Short descriptive text snippets

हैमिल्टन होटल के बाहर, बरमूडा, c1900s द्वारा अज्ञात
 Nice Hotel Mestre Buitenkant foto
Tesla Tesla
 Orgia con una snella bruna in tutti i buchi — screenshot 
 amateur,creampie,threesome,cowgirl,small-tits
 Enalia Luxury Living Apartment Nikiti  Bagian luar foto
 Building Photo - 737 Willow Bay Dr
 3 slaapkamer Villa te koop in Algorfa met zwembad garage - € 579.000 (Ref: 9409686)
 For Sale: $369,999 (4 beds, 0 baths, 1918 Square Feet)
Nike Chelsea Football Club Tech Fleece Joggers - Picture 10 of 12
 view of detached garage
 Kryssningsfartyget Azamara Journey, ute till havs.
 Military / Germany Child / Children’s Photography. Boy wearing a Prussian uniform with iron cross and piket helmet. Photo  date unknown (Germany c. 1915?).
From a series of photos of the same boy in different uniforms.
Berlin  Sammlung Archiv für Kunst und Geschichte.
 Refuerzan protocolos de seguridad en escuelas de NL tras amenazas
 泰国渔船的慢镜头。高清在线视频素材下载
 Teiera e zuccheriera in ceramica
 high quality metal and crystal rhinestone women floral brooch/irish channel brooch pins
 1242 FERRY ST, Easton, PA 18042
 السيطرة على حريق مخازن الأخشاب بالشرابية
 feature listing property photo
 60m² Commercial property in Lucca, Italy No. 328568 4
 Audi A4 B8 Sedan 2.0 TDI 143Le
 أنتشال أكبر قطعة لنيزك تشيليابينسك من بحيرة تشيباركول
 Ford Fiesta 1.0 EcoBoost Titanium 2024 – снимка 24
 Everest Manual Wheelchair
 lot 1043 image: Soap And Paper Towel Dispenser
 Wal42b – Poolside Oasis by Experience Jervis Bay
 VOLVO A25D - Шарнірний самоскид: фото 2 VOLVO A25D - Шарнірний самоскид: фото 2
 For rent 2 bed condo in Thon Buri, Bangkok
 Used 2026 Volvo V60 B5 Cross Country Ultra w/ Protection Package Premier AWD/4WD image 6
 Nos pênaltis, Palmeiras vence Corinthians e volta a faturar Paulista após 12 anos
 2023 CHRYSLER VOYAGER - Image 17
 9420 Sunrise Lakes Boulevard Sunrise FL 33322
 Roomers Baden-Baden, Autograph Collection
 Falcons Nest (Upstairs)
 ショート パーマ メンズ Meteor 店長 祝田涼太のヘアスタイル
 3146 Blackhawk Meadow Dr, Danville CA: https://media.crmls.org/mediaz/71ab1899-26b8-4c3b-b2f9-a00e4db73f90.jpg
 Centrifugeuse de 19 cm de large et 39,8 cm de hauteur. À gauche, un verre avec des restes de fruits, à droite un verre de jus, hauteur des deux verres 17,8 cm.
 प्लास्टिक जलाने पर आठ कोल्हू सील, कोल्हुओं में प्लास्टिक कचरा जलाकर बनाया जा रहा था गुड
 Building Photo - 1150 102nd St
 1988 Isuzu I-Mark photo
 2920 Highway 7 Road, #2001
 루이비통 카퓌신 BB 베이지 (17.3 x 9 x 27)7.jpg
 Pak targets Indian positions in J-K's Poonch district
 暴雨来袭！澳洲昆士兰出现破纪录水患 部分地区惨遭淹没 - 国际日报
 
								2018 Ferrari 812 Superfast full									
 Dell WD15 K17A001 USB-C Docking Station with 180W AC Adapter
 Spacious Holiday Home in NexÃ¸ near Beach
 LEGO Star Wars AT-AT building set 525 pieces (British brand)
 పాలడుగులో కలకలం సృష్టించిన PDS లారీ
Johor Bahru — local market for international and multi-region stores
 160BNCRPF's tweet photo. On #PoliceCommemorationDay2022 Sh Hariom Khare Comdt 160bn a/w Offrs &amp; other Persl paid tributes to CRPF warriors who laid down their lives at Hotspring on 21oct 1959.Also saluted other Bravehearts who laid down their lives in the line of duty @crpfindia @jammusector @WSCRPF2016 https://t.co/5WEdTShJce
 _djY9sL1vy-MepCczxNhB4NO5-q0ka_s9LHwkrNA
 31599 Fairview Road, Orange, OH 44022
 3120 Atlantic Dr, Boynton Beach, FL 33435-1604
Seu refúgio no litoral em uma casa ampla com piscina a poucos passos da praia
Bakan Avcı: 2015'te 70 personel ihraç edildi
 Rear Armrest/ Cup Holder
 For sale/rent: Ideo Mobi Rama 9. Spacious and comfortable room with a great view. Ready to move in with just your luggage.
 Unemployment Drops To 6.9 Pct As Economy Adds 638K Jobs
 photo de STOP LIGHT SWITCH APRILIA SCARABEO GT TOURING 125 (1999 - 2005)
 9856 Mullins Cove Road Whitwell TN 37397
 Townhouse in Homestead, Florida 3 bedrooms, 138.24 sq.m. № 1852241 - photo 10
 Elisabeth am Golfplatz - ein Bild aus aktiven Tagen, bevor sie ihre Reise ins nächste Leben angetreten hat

EXERCISE DETAILS - Copy the lines above, please. Keep them exact.

SOLUTION TO THIS PROBLEM -
हैमिल्टन होटल के बाहर, बरमूडा, c1900s द्वारा अज्ञात
 Nice Hotel Mestre Buitenkant foto
Tesla Tesla
 Orgia con una snella bruna in tutti i buchi — screenshot 
 amateur,creampie,threesome,cowgirl,small-tits
 Enalia Luxury Living Apartment Nikiti  Bagian luar foto
 Building Photo - 737 Willow Bay Dr
 3 slaapkamer Villa te koop in Algorfa met zwembad garage - € 579.000 (Ref: 9409686)
 For Sale: $369,999 (4 beds, 0 baths, 1918 Square Feet)
Nike Chelsea Football Club Tech Fleece Joggers - Picture 10 of 12
 view of detached garage
 Kryssningsfartyget Azamara Journey, ute till havs.
 Military / Germany Child / Children’s Photography. Boy wearing a Prussian uniform with iron cross and piket helmet. Photo  date unknown (Germany c. 1915?).
From a series of photos of the same boy in different uniforms.
Berlin  Sammlung Archiv für Kunst und Geschichte.
 Refuerzan protocolos de seguridad en escuelas de NL tras amenazas
 泰国渔船的慢镜头。高清在线视频素材下载
 Teiera e zuccheriera in ceramica
 high quality metal and crystal rhinestone women floral brooch/irish channel brooch pins
 1242 FERRY ST, Easton, PA 18042
 السيطرة على حريق مخازن الأخشاب بالشرابية
 feature listing property photo
 60m² Commercial property in Lucca, Italy No. 328568 4
 Audi A4 B8 Sedan 2.0 TDI 143Le
 أنتشال أكبر قطعة لنيزك تشيليابينسك من بحيرة تشيباركول
 Ford Fiesta 1.0 EcoBoost Titanium 2024 – снимка 24
 Everest Manual Wheelchair
 lot 1043 image: Soap And Paper Towel Dispenser
 Wal42b – Poolside Oasis by Experience Jervis Bay
 VOLVO A25D - Шарнірний самоскид: фото 2 VOLVO A25D - Шарнірний самоскид: фото 2
 For rent 2 bed condo in Thon Buri, Bangkok
 Used 2026 Volvo V60 B5 Cross Country Ultra w/ Protection Package Premier AWD/4WD image 6
 Nos pênaltis, Palmeiras vence Corinthians e volta a faturar Paulista após 12 anos
 2023 CHRYSLER VOYAGER - Image 17
 9420 Sunrise Lakes Boulevard Sunrise FL 33322
 Roomers Baden-Baden, Autograph Collection
 Falcons Nest (Upstairs)
 ショート パーマ メンズ Meteor 店長 祝田涼太のヘアスタイル
 3146 Blackhawk Meadow Dr, Danville CA: https://media.crmls.org/mediaz/71ab1899-26b8-4c3b-b2f9-a00e4db73f90.jpg
 Centrifugeuse de 19 cm de large et 39,8 cm de hauteur. À gauche, un verre avec des restes de fruits, à droite un verre de jus, hauteur des deux verres 17,8 cm.
 प्लास्टिक जलाने पर आठ कोल्हू सील, कोल्हुओं में प्लास्टिक कचरा जलाकर बनाया जा रहा था गुड
 Building Photo - 1150 102nd St
 1988 Isuzu I-Mark photo
 2920 Highway 7 Road, #2001
 루이비통 카퓌신 BB 베이지 (17.3 x 9 x 27)7.jpg
 Pak targets Indian positions in J-K's Poonch district
 暴雨来袭！澳洲昆士兰出现破纪录水患 部分地区惨遭淹没 - 国际日报
 
								2018 Ferrari 812 Superfast full									
 Dell WD15 K17A001 USB-C Docking Station with 180W AC Adapter
 Spacious Holiday Home in NexÃ¸ near Beach
 LEGO Star Wars AT-AT building set 525 pieces (British brand)
 పాలడుగులో కలకలం సృష్టించిన PDS లారీ
Johor Bahru — local market for international and multi-region stores
 160BNCRPF's tweet photo. On #PoliceCommemorationDay2022 Sh Hariom Khare Comdt 160bn a/w Offrs &amp; other Persl paid tributes to CRPF warriors who laid down their lives at Hotspring on 21oct 1959.Also saluted other Bravehearts who laid down their lives in the line of duty @crpfindia @jammusector @WSCRPF2016 https://t.co/5WEdTShJce
 _djY9sL1vy-MepCczxNhB4NO5-q0ka_s9LHwkrNA
 31599 Fairview Road, Orange, OH 44022
 3120 Atlantic Dr, Boynton Beach, FL 33435-1604
Seu refúgio no litoral em uma casa ampla com piscina a poucos passos da praia
Bakan Avcı: 2015'te 70 personel ihraç edildi
 Rear Armrest/ Cup Holder
 For sale/rent: Ideo Mobi Rama 9. Spacious and comfortable room with a great view. Ready to move in with just your luggage.
 Unemployment Drops To 6.9 Pct As Economy Adds 638K Jobs
 photo de STOP LIGHT SWITCH APRILIA SCARABEO GT TOURING 125 (1999 - 2005)
 9856 Mullins Cove Road Whitwell TN 37397
 Townhouse in Homestead, Florida 3 bedrooms, 138.24 sq.m. № 1852241 - photo 10
 Elisabeth am Golfplatz - ein Bild aus aktiven Tagen, bevor sie ihre Reise ins nächste Leben angetreten hat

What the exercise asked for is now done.